Cent’anni! A DARPA toast to long-life software
Research agency wants self-updating programs that can run for a hundred years.
(Image: Arcady / Shutterstock)
Why: DARPA is accepting proposals for its Building Resource Adaptive Software Systems, or BRASS, program that looks to gain fundamental, foundational advances in the design and implementation of long-lived software systems. Researchers want those systems to be able to dynamically adapt to changes in the resources they depend on and environments in which they operate, instead of having to be constantly manually updated by IT personnel.
Those advances won't be easy. They’ll require development of new linguistic abstractions, formal methods, and resource-aware program analyses that can discover and specify program transformations. Systems designed to monitor changes in the surrounding digital ecosystem will also be needed, DARPA said.
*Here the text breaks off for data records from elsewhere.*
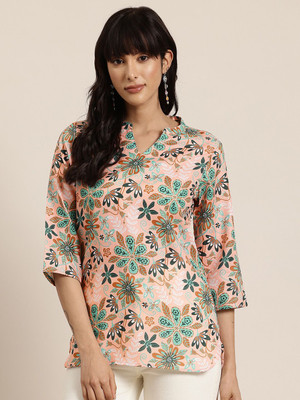 HERE&NOW Women Printed Straight Kurta(Beige)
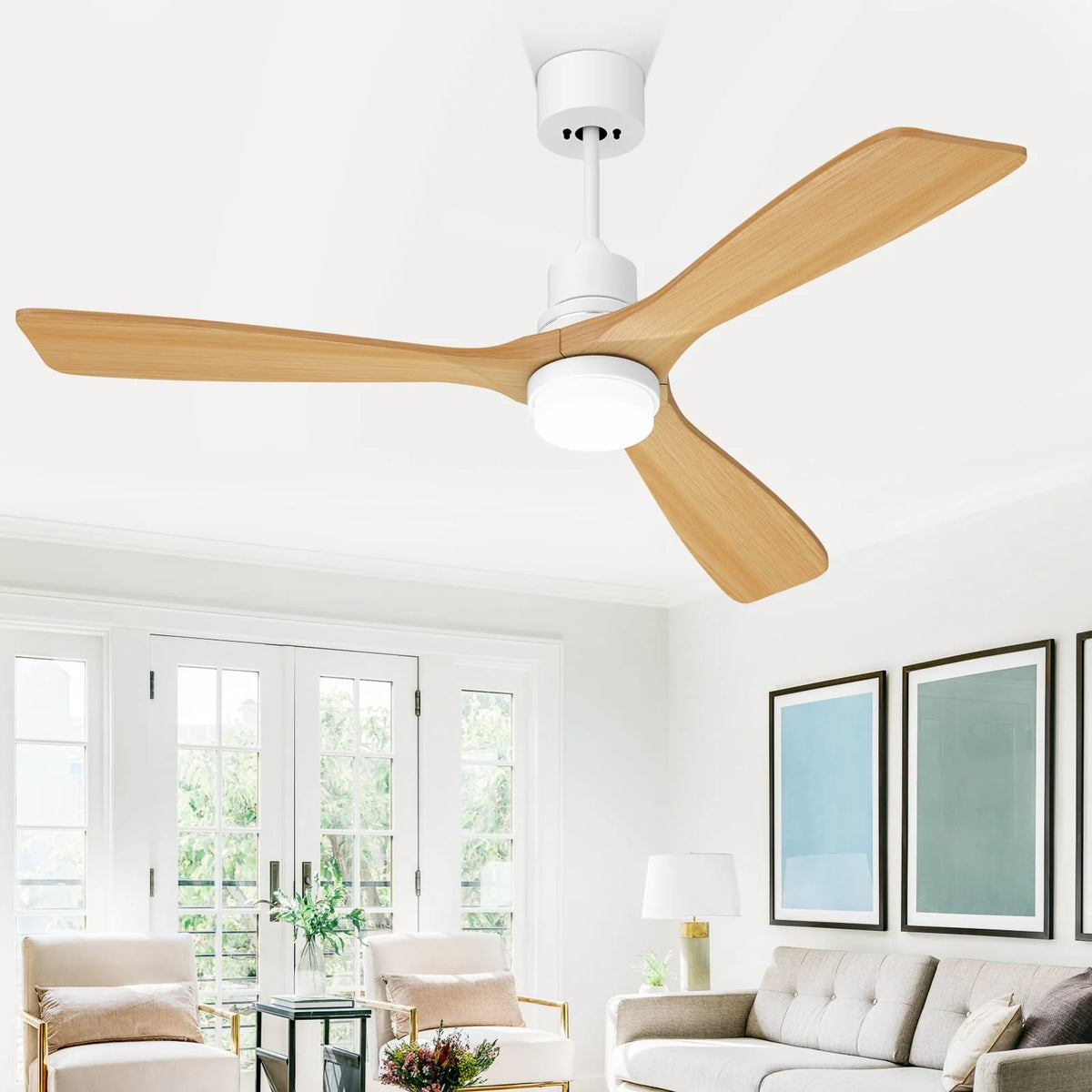 52'' Ceiling Fan with Light and Remote Control, 3 Wood Fan Blades, Walnut P9050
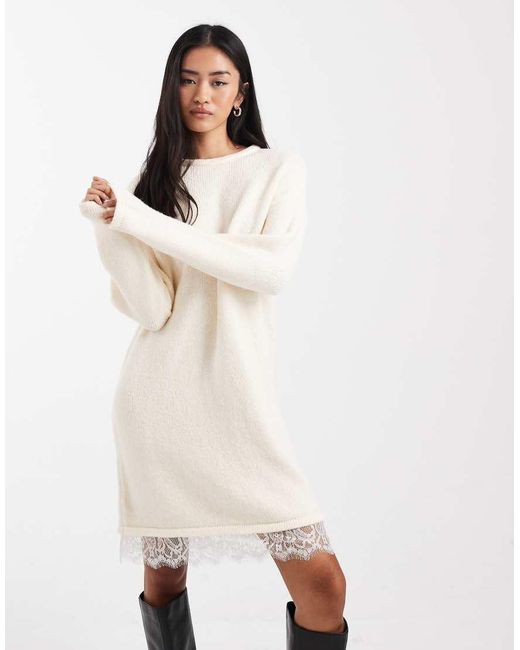 ASOS Natural Knitted Mini Dress With Lace Trim Detail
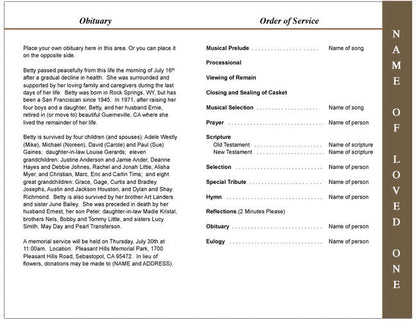 Prayer 4 - Sided Graduated Funeral Program Template - The Funeral Program Site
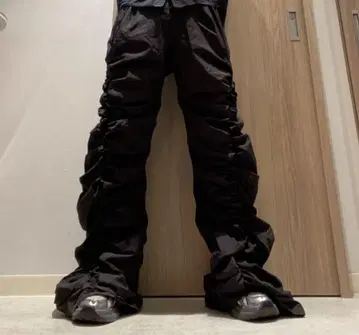 테크 그런지 y2k 셔링 플레어 배기 나일론 archive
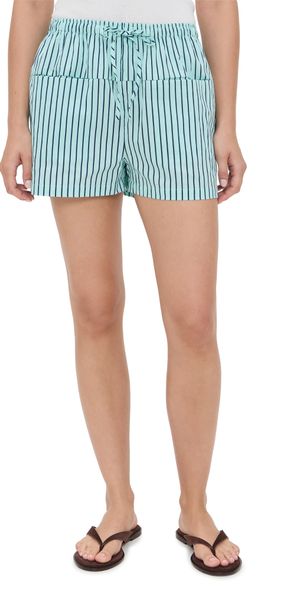 LNA Hanalei Shorts Teal Navy Stripe XS
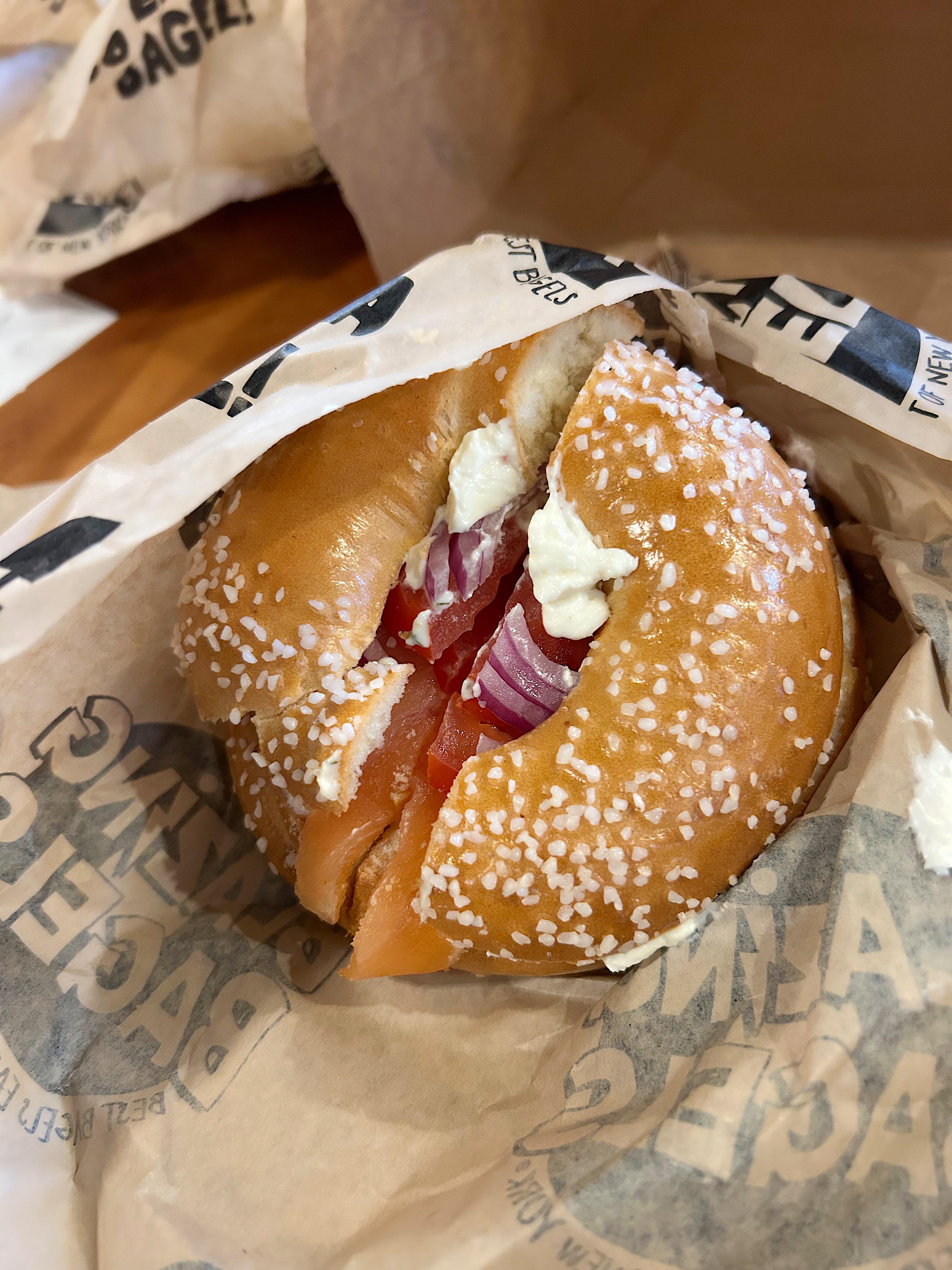 [I ate] Salt Toasted bagel with Lox foodiedude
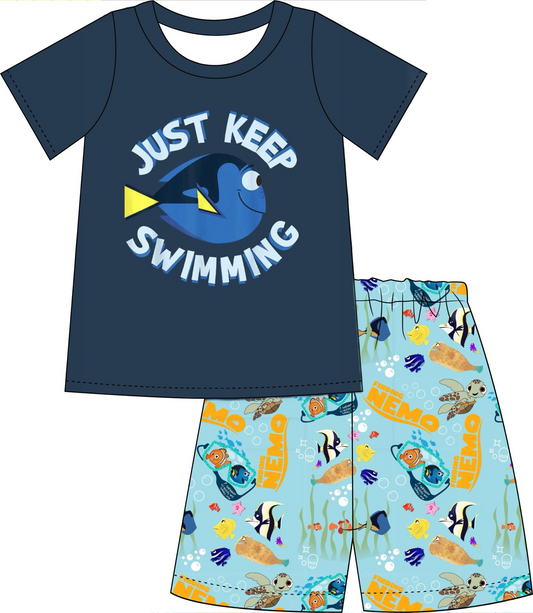 custom style cartoon just keep swimming fishing short sleeve shorts boys set tat 6-8 weeks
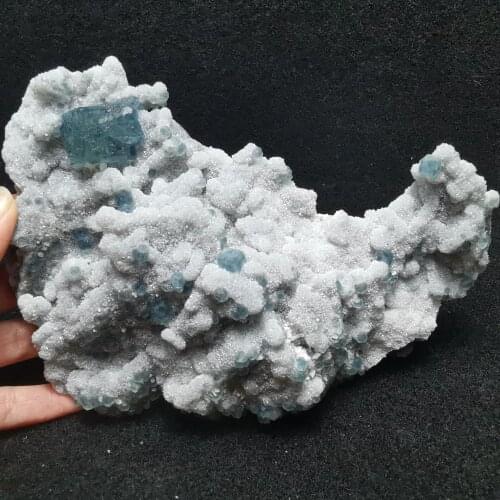 700g natural blue-green fluorite mineral ring vein healing teaching specimen stone decoration collection ornaments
“Technology inevitably evolves, but very often corresponding changes in libraries, data formats, protocols, input characteristics and models of components in a software ecosystem undermine the behavior of applications,” Program Manager Suresh Jagannathan said in a statement. “The inability to seamlessly adapt to new operating conditions undermines productivity, hampers the development of cyber-secure infrastructure and raises the long-term risk that access to important digital content will be lost as the software that generates and interprets content becomes outdated.”
According to DARPA, BRASS's underlying premise is to create "an entirely new clean-slate approach to software design, composition and adaptation."